*** Opening SOURCE INFORMATION ***

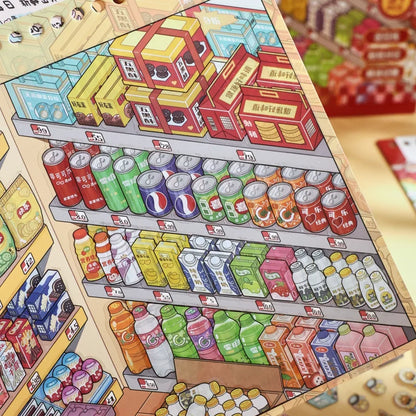 28 Sheets Cartoon Store Display Diorama Sticker Book Creative 3D Scene Collage Stickers Scrapbooking DIY Journal Card Craft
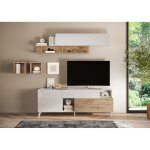 Meuble tv 180 cm blanc laqu
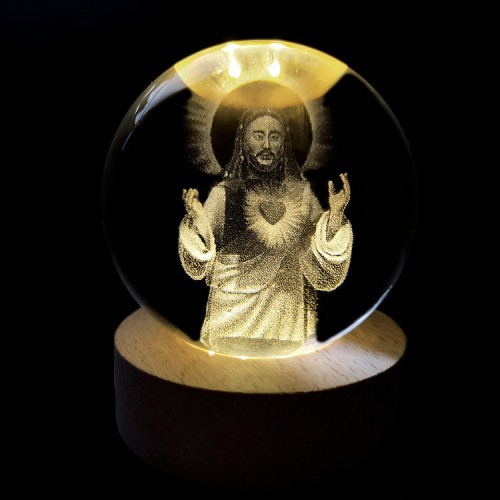 Esfera religiosa de cristal con luz conexión USB diámetro de 8cm LED790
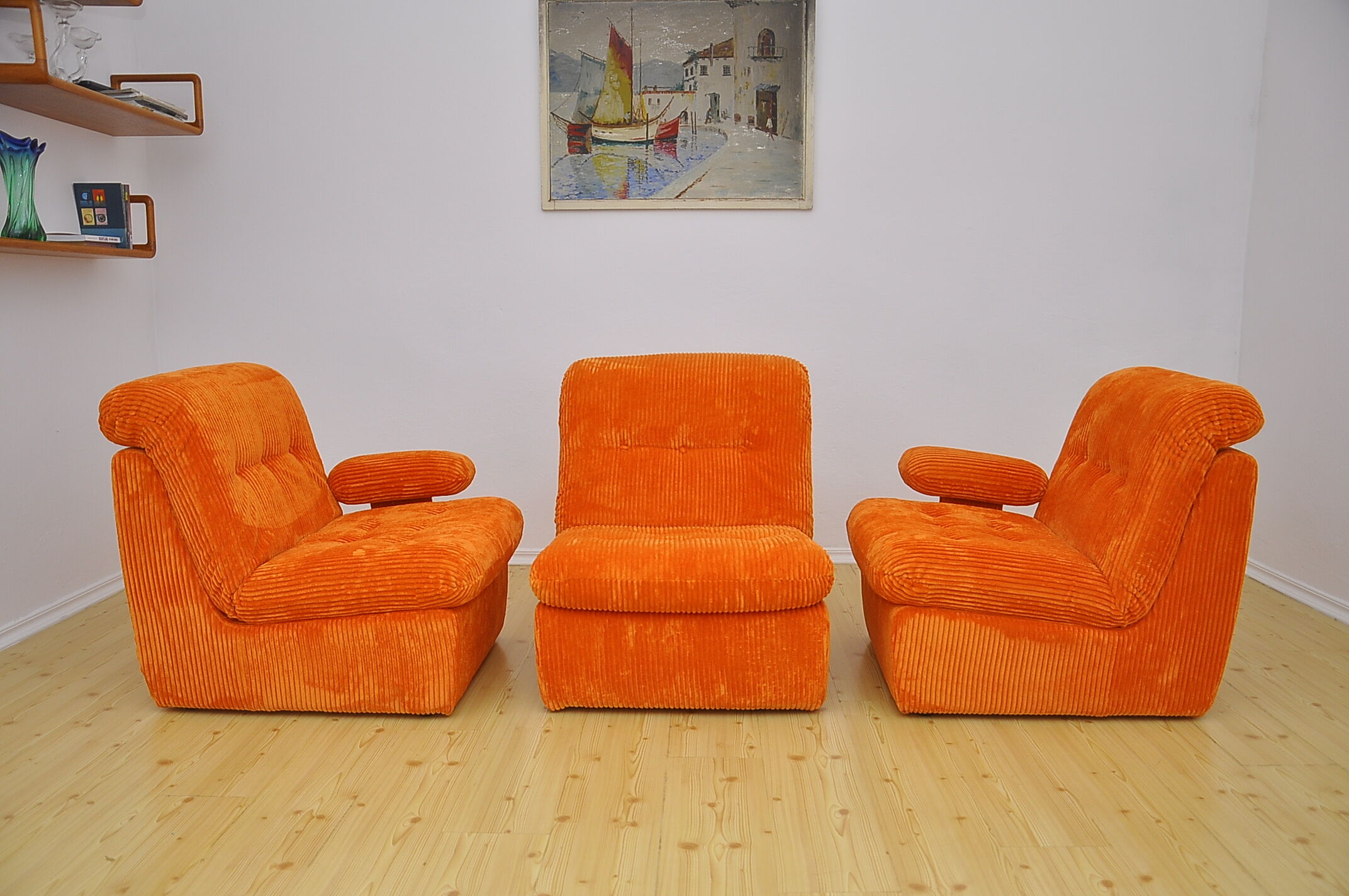 Orange corduroy modular sofa, 1970s.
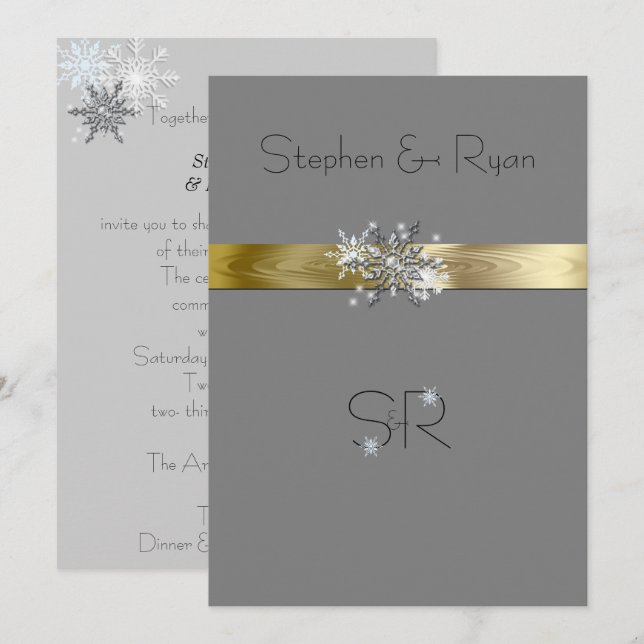 Copos de nieve de invierno, invitaciones de bodas (Anverso / Reverso)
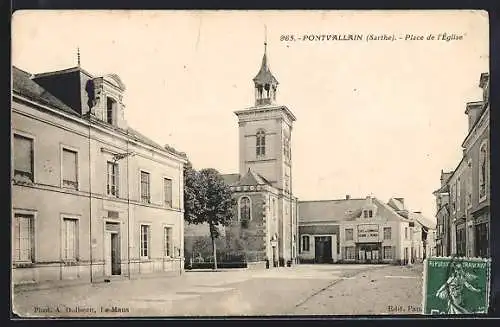 AK Pontvallain, Place de l`Église et bâtiments environnants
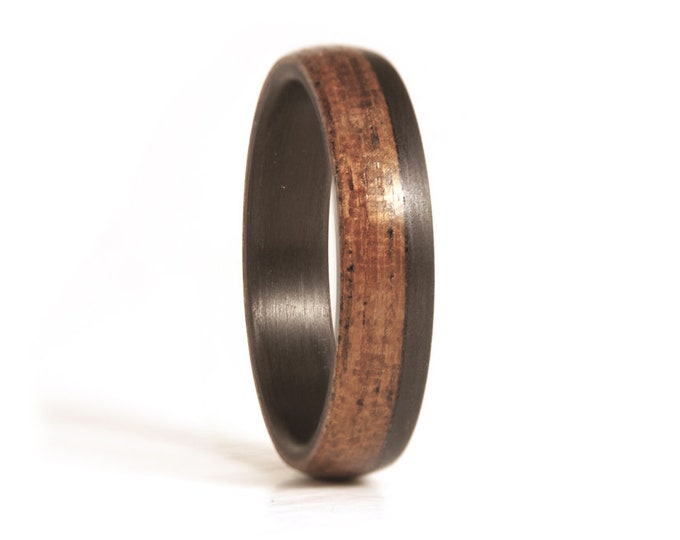 Matte Carbon Fiber Mahogany Bentwood Ring - Handmade Mens Wedding Band. (00420_6N)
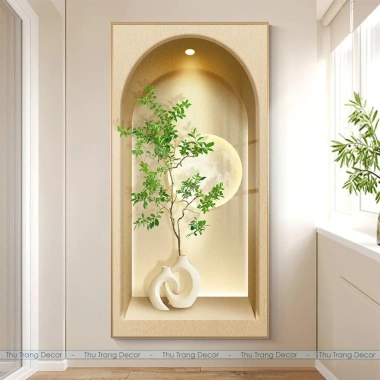 Tranh Tráng Gương Treo Tường Bình Hoa Cây Cảnh UV 5D Cao Cấp Phong Cách Hiện Đại Giá Ưu Đãi 179.200 VND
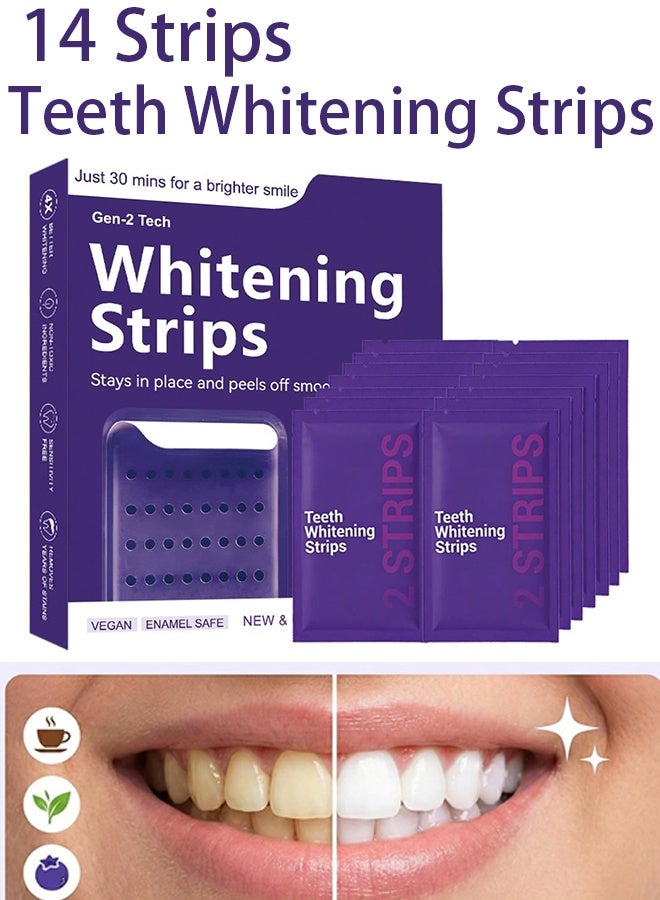 Purple Teeth Whitening Strips for Sensitive Teeth, Enamel-Safe Color Correcting Tooth Whitener, Effectively Removes Stubborn Stains, Fast Acting & Non-Slip Grip, 14 Strips - Image 1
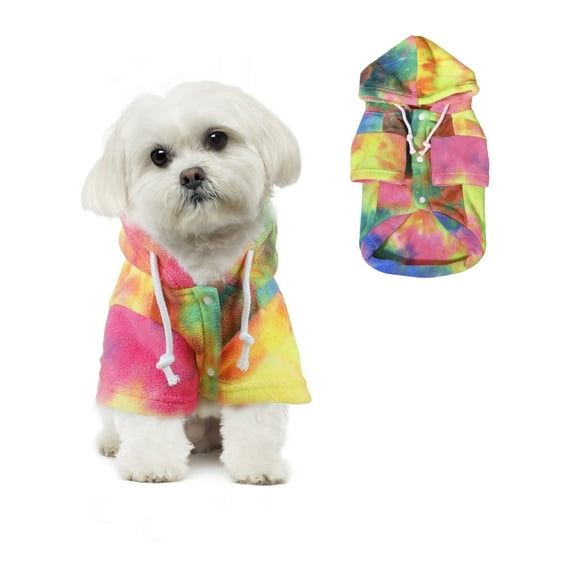 Dog Hoodie, Dog Winter Warm Coat with Leash Hole, Tie Dye Sweatshirts for Cats Small Medium Dogs Colorful XL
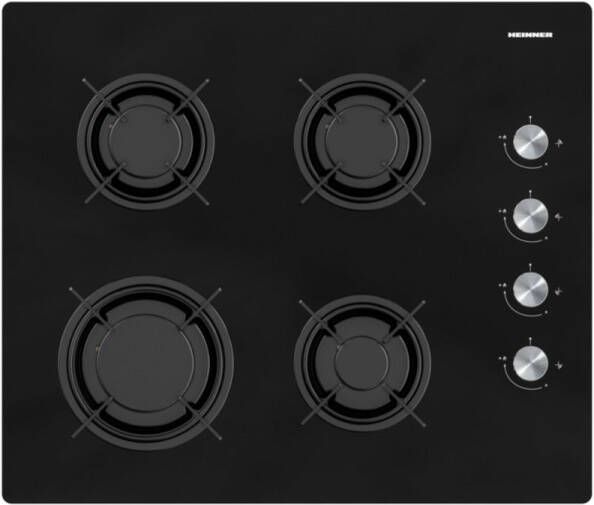 Heinner HBH-M402IEGBK Inbouw Kookplaat – 60 cm – Zwart Glas – 4 Gasbranders – Elektronische Ontsteking – Vlambeveiliging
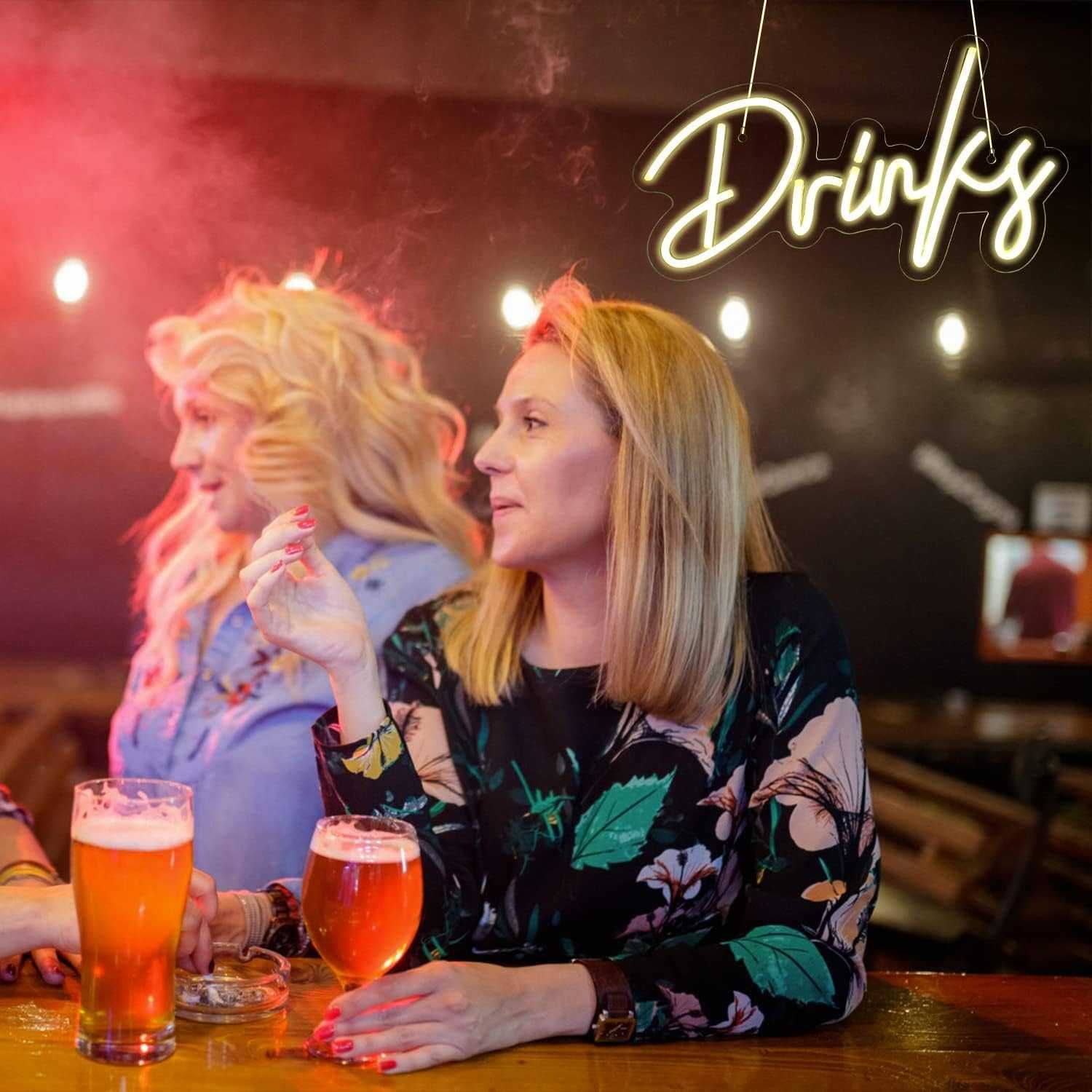 Neon LED Dekoracyjny DRINKY Ciepły biały 40x25 cm USB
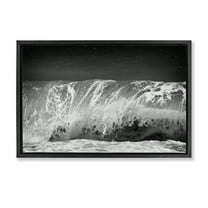 Stupell Industries Rolling Waves Night Sky Landscape Photography Black Floater Framed Canvas Art Print Wall Art, 25 x 17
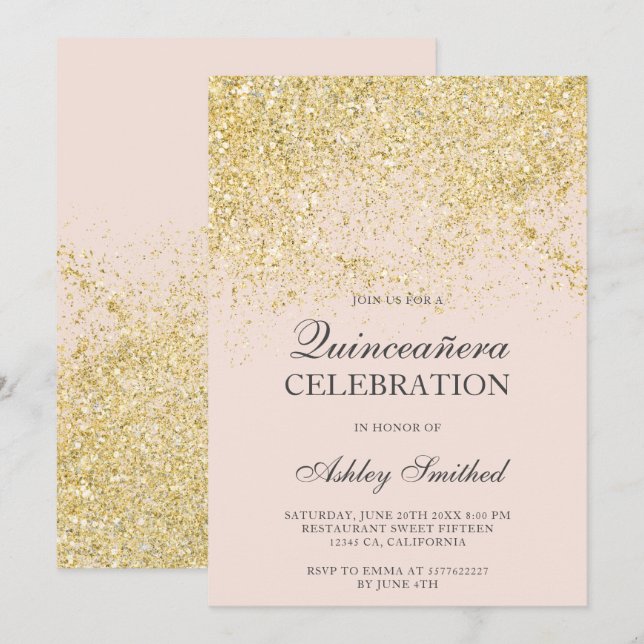 Invitation Les étincelles de parties scintillantes d'or (Devant / Derrière)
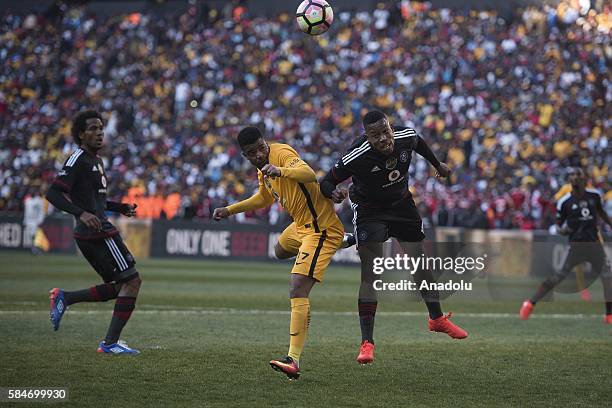 Jele Happy of Orlando Pirates in action against Lebese George Kaizer Chiefs F.C during 2016 Carling Black Label Cup between Kaizer Chiefs F.C. And...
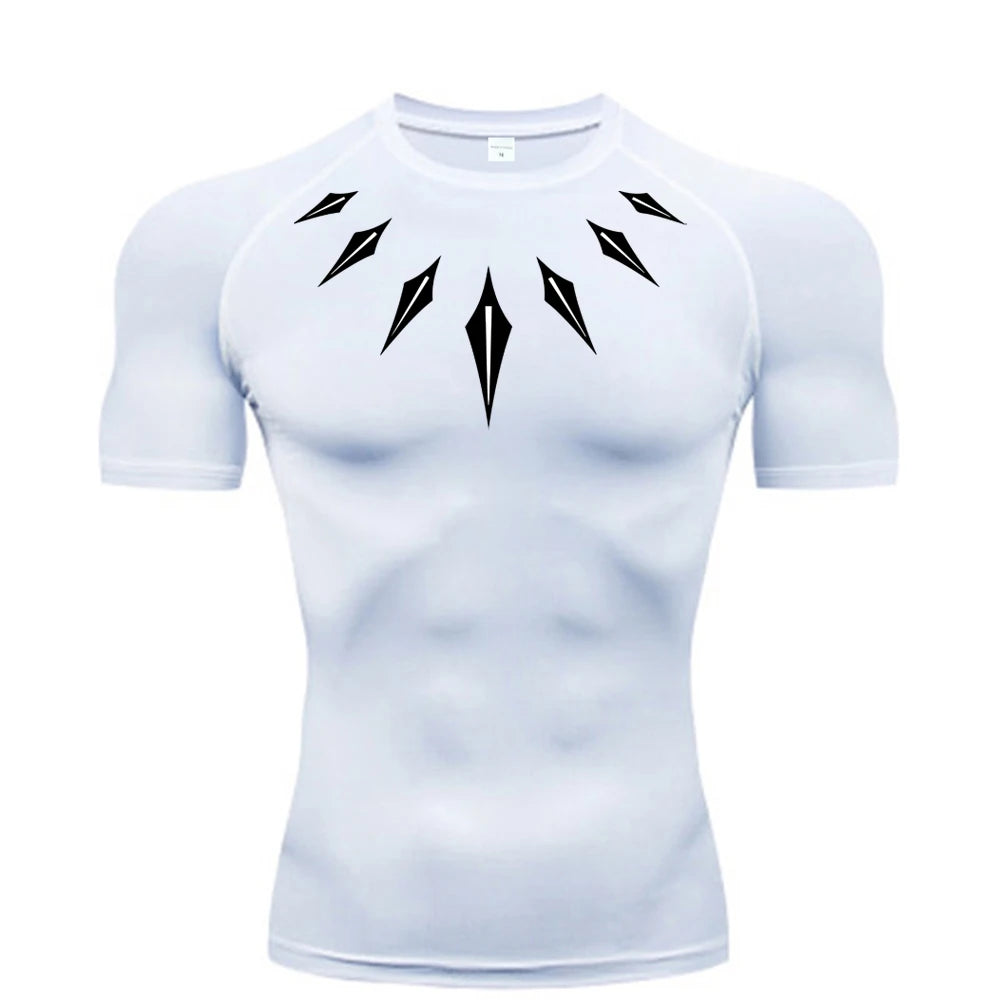 Camiseta de compresión de anime para hombre, para fitness y deporte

*** Closing SOURCE INFORMATION ***

In the records above, find the line with "Meuble tv 180 cm blanc laqu" and the line with "AK Pontvallain, Place", then restate word for word only those two lines and all lines between, omitting pictures.

 Meuble tv 180 cm blanc laqu
 Esfera religiosa de cristal con luz conexión USB diámetro de 8cm LED790
 Orange corduroy modular sofa, 1970s.
 Copos de nieve de invierno, invitaciones de bodas (Anverso / Reverso)
 AK Pontvallain, Place de l`Église et bâtiments environnants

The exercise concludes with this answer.